=== TASK DETAILS ===
Only these lines of the data below are wanted: the one with "Womens UK Size", the one with "Michael Kors Michael", and any lines between them, each repeated exactly.

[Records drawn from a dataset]
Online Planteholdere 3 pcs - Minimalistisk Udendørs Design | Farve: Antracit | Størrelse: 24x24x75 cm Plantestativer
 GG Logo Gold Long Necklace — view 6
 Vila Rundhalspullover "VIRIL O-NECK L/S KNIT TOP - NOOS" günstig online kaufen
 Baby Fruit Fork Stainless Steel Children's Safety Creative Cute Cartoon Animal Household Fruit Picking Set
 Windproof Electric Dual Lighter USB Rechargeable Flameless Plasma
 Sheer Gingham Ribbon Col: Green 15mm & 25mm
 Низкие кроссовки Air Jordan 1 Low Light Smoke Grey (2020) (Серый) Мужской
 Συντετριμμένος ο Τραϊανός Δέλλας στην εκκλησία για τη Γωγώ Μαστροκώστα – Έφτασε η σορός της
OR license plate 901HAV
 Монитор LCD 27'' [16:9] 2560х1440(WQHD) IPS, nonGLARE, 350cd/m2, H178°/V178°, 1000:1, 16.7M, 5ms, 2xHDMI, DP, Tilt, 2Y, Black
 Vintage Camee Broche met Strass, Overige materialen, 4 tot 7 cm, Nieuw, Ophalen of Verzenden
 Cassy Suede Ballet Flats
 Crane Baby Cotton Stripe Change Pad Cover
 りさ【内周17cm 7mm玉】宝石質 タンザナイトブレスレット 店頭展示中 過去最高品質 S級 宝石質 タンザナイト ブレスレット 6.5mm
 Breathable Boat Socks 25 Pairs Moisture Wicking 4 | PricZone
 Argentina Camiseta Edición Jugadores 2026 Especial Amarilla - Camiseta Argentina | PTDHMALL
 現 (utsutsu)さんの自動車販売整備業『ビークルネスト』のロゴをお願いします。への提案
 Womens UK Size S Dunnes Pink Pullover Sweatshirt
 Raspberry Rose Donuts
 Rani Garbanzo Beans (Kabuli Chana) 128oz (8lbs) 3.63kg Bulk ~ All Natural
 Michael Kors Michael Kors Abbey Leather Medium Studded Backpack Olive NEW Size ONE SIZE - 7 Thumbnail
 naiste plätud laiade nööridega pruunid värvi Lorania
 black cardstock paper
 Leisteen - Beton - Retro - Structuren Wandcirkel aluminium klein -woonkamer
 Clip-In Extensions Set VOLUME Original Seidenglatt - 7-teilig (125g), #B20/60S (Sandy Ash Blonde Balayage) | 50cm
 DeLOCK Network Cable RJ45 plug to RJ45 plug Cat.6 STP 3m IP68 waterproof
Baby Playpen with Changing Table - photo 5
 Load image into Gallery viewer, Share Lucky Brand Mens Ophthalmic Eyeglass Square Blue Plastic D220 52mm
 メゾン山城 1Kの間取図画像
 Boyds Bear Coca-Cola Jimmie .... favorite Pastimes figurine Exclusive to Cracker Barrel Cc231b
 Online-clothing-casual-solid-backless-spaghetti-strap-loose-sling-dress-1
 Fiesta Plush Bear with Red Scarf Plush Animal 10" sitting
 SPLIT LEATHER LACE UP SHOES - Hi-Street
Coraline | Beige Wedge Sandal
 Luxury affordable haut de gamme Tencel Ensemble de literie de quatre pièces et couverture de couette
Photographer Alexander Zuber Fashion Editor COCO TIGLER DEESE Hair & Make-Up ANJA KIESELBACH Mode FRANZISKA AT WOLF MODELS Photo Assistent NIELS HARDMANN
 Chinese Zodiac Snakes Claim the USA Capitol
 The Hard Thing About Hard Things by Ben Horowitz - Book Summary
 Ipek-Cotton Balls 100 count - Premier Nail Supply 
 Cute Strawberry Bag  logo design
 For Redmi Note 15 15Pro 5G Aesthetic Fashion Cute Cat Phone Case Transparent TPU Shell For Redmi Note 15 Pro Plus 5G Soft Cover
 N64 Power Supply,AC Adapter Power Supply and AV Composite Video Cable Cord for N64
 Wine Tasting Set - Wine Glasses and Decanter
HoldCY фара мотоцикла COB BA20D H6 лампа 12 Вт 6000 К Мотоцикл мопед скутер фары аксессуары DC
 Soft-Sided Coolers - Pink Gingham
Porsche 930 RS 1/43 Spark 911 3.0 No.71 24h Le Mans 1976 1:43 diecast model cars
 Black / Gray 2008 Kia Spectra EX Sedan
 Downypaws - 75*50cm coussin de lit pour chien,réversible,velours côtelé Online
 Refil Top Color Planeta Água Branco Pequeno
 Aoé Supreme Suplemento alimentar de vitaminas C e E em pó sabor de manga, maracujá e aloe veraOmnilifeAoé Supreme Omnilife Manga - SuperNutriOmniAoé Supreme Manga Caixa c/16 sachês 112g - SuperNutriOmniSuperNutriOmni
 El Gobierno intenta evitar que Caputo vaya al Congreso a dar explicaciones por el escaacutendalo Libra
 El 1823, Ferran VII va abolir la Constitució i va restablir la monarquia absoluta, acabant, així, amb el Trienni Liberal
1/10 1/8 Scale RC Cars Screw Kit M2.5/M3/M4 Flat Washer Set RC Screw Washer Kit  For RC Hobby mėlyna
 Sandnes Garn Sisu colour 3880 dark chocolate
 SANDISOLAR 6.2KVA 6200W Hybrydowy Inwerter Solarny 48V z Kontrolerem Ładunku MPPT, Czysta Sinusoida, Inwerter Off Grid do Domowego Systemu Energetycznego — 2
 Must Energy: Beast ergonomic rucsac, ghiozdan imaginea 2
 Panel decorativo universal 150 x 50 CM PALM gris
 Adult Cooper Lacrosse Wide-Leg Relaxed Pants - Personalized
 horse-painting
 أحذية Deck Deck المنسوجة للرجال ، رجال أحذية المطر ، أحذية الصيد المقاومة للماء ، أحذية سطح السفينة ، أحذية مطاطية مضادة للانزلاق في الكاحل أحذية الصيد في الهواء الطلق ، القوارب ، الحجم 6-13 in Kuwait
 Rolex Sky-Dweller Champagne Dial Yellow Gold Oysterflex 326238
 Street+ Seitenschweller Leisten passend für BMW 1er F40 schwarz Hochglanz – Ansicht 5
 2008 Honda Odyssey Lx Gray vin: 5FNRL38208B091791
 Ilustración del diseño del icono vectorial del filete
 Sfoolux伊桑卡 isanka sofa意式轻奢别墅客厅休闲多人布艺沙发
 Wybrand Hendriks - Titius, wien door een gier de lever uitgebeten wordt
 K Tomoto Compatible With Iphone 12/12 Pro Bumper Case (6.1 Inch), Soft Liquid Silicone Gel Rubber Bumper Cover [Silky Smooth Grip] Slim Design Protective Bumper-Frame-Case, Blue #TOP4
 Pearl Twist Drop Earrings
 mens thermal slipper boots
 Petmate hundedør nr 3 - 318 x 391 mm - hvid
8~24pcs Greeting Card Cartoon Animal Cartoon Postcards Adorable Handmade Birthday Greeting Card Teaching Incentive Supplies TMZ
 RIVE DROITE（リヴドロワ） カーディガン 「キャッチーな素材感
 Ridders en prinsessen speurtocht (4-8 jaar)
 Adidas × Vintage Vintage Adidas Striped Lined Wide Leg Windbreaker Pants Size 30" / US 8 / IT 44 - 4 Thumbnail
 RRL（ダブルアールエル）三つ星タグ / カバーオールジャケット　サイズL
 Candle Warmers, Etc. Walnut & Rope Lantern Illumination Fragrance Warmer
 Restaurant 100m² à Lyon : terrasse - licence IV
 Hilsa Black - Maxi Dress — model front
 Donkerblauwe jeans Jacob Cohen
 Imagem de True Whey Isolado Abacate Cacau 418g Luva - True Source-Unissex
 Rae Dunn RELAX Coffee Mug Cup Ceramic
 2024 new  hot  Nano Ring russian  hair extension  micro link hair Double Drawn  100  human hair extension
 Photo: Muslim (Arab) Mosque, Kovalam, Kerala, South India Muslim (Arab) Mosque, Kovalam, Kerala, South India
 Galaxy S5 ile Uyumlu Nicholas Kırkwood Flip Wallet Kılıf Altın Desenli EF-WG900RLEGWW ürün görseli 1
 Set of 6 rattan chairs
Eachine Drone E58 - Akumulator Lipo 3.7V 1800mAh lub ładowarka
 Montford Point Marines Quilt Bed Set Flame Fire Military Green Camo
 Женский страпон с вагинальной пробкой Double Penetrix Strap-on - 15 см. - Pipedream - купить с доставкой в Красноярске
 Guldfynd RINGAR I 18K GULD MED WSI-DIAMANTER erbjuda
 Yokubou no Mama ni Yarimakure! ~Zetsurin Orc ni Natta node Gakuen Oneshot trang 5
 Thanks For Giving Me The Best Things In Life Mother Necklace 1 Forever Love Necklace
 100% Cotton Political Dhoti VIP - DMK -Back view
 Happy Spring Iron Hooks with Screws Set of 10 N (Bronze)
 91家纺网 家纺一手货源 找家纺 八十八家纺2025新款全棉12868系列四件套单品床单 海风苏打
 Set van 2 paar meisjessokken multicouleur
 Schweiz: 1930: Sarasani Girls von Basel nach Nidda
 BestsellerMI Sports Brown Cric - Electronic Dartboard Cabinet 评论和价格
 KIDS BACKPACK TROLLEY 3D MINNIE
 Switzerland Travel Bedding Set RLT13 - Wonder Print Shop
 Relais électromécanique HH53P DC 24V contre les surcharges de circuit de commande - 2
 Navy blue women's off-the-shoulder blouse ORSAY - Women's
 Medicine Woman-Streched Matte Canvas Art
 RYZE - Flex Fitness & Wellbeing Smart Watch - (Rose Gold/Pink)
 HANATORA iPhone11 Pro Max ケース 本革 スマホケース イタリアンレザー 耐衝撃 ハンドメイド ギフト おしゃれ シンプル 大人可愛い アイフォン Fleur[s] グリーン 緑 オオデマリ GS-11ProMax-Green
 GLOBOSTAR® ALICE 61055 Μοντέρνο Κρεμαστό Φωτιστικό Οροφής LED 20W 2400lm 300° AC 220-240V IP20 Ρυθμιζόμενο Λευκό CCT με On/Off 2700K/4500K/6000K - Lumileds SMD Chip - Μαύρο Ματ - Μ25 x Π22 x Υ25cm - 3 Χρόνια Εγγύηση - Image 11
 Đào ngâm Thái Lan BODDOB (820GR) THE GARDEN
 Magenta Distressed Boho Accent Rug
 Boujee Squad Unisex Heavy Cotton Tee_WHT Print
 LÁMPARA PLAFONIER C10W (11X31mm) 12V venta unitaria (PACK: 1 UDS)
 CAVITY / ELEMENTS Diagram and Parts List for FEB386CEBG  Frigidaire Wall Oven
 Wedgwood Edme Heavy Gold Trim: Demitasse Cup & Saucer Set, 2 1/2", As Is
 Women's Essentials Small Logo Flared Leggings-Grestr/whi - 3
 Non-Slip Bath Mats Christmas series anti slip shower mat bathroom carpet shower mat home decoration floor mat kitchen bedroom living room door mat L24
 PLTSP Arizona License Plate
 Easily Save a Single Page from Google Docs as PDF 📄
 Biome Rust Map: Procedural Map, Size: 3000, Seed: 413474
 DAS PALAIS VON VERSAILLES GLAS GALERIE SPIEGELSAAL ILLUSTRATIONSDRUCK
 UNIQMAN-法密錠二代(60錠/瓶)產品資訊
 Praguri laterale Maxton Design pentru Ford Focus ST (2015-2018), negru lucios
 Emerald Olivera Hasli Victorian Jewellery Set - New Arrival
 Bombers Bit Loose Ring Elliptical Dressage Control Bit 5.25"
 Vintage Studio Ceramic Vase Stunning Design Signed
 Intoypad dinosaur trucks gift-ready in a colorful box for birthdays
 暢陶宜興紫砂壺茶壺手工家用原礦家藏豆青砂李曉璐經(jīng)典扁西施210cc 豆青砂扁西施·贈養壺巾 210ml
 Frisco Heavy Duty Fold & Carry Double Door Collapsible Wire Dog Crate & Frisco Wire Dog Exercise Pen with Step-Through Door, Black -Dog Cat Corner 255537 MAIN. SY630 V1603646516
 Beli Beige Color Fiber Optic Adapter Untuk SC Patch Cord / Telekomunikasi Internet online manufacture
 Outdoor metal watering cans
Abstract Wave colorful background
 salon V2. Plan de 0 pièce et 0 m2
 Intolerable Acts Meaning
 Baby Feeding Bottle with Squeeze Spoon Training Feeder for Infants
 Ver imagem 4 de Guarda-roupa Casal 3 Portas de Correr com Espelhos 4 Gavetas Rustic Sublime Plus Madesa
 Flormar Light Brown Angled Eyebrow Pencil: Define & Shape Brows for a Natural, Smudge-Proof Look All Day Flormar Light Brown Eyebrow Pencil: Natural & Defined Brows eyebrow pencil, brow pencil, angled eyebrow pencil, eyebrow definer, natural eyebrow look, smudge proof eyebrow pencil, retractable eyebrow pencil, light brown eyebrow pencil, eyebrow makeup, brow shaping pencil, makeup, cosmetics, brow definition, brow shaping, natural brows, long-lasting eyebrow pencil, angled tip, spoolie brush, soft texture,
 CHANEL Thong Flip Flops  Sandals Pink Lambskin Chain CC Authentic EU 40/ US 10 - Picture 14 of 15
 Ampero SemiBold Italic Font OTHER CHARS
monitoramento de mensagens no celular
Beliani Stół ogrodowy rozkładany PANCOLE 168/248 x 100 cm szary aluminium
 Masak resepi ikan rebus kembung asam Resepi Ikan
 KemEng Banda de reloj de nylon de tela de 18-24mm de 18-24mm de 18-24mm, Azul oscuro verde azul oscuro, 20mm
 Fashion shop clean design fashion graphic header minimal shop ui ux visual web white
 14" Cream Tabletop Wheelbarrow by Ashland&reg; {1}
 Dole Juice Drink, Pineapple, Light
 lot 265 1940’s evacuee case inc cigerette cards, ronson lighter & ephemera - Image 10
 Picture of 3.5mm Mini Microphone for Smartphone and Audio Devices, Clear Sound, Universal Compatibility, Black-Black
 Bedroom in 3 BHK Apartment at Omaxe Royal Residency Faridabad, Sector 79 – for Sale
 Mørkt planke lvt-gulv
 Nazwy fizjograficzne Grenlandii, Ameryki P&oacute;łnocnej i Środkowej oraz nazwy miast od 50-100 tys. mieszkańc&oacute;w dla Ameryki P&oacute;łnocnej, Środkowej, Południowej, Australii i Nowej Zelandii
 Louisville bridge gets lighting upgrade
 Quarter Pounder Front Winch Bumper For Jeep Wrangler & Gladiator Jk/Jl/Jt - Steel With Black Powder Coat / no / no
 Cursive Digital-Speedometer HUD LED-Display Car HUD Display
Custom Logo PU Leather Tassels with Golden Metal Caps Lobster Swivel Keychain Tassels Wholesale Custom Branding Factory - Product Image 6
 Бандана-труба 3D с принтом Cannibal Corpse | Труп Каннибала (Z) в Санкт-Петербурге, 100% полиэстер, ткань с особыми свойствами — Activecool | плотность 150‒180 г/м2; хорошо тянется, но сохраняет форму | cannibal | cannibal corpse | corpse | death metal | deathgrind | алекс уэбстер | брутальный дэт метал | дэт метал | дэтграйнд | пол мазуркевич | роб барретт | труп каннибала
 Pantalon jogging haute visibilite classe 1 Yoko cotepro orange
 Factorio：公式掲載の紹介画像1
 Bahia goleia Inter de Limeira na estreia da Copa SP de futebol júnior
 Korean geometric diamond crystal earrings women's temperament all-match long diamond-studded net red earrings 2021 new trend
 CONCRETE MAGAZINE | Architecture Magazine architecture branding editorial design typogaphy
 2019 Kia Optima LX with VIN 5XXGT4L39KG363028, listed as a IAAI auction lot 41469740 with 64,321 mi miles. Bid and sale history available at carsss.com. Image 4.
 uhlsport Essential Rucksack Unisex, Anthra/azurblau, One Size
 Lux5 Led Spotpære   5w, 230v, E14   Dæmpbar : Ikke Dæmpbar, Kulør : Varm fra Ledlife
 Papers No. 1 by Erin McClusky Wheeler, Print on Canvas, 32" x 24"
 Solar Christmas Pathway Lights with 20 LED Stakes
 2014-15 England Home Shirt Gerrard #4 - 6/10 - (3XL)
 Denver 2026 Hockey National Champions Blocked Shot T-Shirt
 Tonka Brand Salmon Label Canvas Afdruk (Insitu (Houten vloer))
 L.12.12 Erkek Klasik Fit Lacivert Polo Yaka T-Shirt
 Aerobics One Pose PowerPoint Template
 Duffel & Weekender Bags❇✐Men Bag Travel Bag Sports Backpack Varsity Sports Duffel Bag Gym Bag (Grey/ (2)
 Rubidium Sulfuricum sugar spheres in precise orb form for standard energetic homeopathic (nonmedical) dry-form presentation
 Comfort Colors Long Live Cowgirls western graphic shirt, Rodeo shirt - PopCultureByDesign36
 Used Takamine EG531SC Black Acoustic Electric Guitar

=== REPLY ===
 Womens UK Size S Dunnes Pink Pullover Sweatshirt
 Raspberry Rose Donuts
 Rani Garbanzo Beans (Kabuli Chana) 128oz (8lbs) 3.63kg Bulk ~ All Natural
 Michael Kors Michael Kors Abbey Leather Medium Studded Backpack Olive NEW Size ONE SIZE - 7 Thumbnail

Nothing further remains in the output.